(Beginning of MATERIAL SHOWN)

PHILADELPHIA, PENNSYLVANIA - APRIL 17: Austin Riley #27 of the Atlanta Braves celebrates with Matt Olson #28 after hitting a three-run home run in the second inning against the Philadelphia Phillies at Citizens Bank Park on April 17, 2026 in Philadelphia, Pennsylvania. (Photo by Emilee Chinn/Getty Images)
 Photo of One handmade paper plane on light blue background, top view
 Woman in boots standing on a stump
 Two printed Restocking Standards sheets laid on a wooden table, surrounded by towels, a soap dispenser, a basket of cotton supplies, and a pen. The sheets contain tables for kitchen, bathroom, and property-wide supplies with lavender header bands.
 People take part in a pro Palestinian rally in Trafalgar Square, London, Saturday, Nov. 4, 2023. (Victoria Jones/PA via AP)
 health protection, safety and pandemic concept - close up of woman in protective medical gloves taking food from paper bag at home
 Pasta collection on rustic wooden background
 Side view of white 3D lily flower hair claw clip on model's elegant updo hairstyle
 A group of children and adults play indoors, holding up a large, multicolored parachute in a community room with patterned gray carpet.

(End of MATERIAL SHOWN)

> **WHAT THIS TASK INVOLVES**: Filter the entries above and copy only the lines that hold "home".

> **ANSWER SPACE**:
PHILADELPHIA, PENNSYLVANIA - APRIL 17: Austin Riley #27 of the Atlanta Braves celebrates with Matt Olson #28 after hitting a three-run home run in the second inning against the Philadelphia Phillies at Citizens Bank Park on April 17, 2026 in Philadelphia, Pennsylvania. (Photo by Emilee Chinn/Getty Images)
 health protection, safety and pandemic concept - close up of woman in protective medical gloves taking food from paper bag at home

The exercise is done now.